Look deep into your eyes, and what do you see? Do you see what I see?
I look into my eyes, and see deep, expressionless pits. My soul is damned. My soul is empty.
I see the eyes of a killer, a madman. I see the devil inside myself. I see my evil twin.
When does he emerge, and how does he emerge from time to time? Smothered under most of the time; smothered under by the niceties of social life, he surfaces every now and then, and smiles at me.
He just smiles, with those empty, cold eyes, and I can almost feel the cold malice as it creeps towards me. It is cold, implacable, merciless and full of glee. One more dead soul to consume.
Mine. He is ready for the feast, and I can feel his icy breath upon my spirit, as he prepares to dine.

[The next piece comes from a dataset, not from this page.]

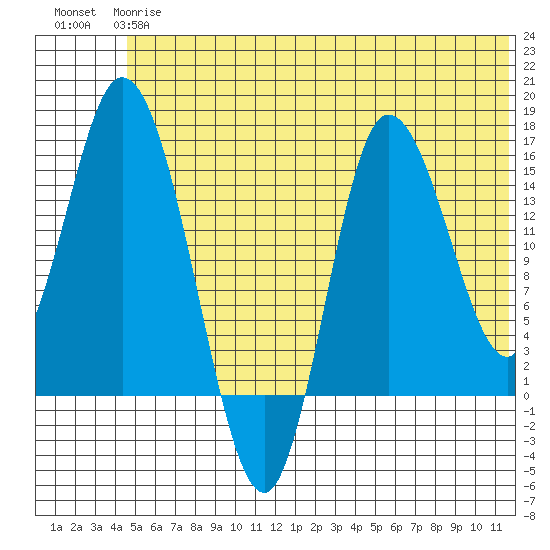 Drift River Term tide chart for Monday, June 15, 2026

What can I do to escape? Is there release from his venom?
Where can I go? Is he me, or am I him? What is there inside me?
Evil becomes me.
Evil becomes you.
There is no escape. None. We are trapped forever in a vortex of madness, spite and malice.
All prayers are useless. They are delivered to the Devil’s mailbox, while we struggle and weep and pray in churches, in temples, in synagogues and mosques.
There is no hope. None
My eyes have no expression. Do yours? They are bottomless pits in a dying world.